In the 1970s, he said then-President Jimmy Carter, predicted that we’d run out of natural gas by 1990.

Pendley said that would have happened were it not for innovations in hydraulic fracturing, or fracking, which allowed producers to economically extract oil and gas from tight sand and shale formations. 

“Now we have a natural gas glut. With the fracking revolution, we’ve found natural gas practically everywhere we look,” Pendley said. 

As utilities moved away from coal-fired generation to gas-fired generation, America’s carbon dioxide emissions peaked in 2007 and have since fallen below where they were in 1991. 

Despite this achievement, environmental groups like the Rocky Mountain Institute, Sierra Club, Environmental Defense Fund and Climate Imperative Foundation, which combined have annual gross receipts approaching $1 billion, have supported efforts to electrify home appliances and effectively eliminate the use of natural gas in homes. 

Legal Options

EarthJustice, which had nearly $200 million in gross receipts last year, said in a press release that the organization will continue to work to ban natural gas to address climate change. 

“The 9th Circuit Court of Appeals ruling is a setback, but not an insurmountable one. Plenty of legal options remain for cities and states to electrify – this popular movement that makes economic and environmental sense will not be stopped by a single court ruling,” EarthJustice senior attorney Jan Hasselman said in the statement. 

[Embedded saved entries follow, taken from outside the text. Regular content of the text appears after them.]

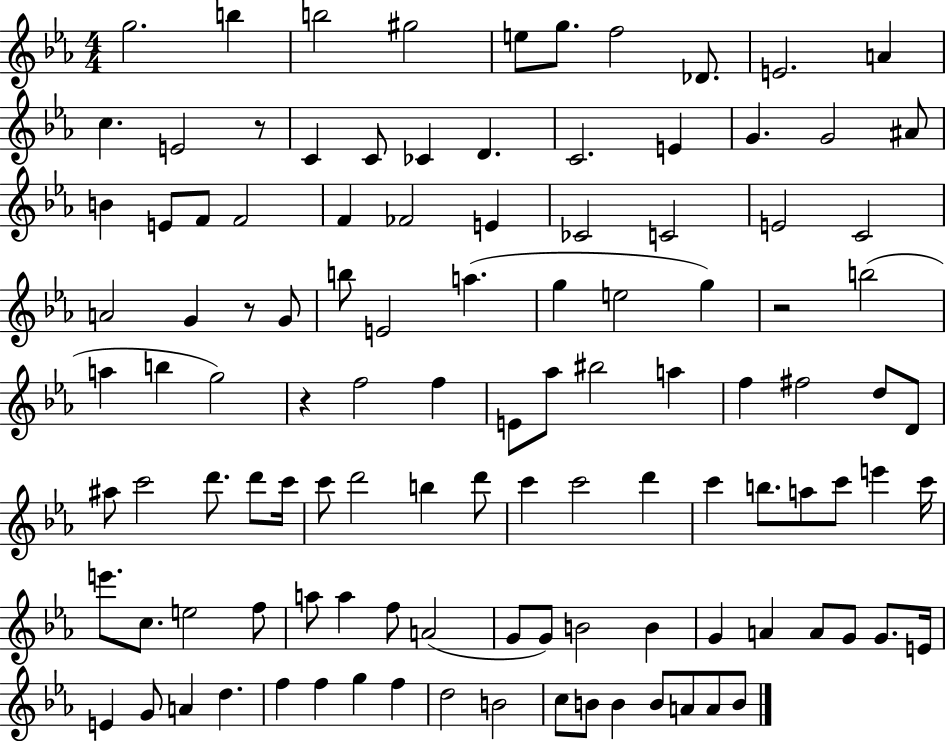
{
  \clef treble
  \numericTimeSignature
  \time 4/4
  \key ees \major
  g''2. b''4 | b''2 gis''2 | e''8 g''8. f''2 des'8. | e'2. a'4 | \break c''4. e'2 r8 | c'4 c'8 ces'4 d'4. | c'2. e'4 | g'4. g'2 ais'8 | \break b'4 e'8 f'8 f'2 | f'4 fes'2 e'4 | ces'2 c'2 | e'2 c'2 | \break a'2 g'4 r8 g'8 | b''8 e'2 a''4.( | g''4 e''2 g''4) | r2 b''2( | \break a''4 b''4 g''2) | r4 f''2 f''4 | e'8 aes''8 bis''2 a''4 | f''4 fis''2 d''8 d'8 | \break ais''8 c'''2 d'''8. d'''8 c'''16 | c'''8 d'''2 b''4 d'''8 | c'''4 c'''2 d'''4 | c'''4 b''8. a''8 c'''8 e'''4 c'''16 | \break e'''8. c''8. e''2 f''8 | a''8 a''4 f''8 a'2( | g'8 g'8) b'2 b'4 | g'4 a'4 a'8 g'8 g'8. e'16 | \break e'4 g'8 a'4 d''4. | f''4 f''4 g''4 f''4 | d''2 b'2 | c''8 b'8 b'4 b'8 a'8 a'8 b'8 | \break \bar "|."
}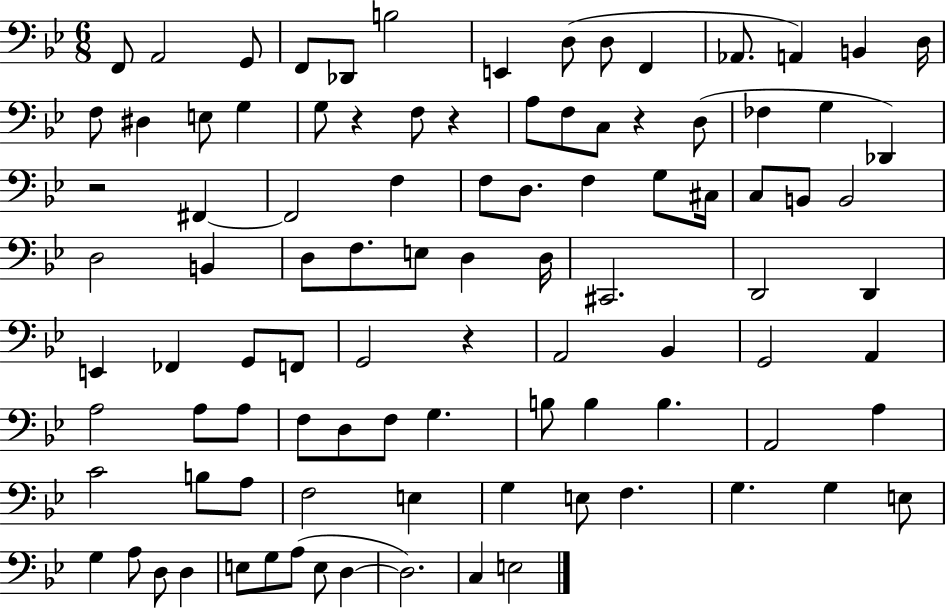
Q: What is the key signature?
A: BES major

Tom Shepstone, who runs Natural Gas Now, an online resource for content on hydraulic fracturing and natural gas development, told Cowboy State Daily the decision in the Berkeley case was based on the letter of the law. 

“It’s certainly an indication that there are a few people with rationality and common sense left in certain parts of our government,” Shepstone said. 

Shepstone said the groups trying to outlaw fossil fuels are just using global warming as an excuse to push a political agenda. 

“This isn’t about global warming. It’s just a platform from which to rob the taxpayer for subsidies that support uneconomical, undependable renewables,” Shepstone said.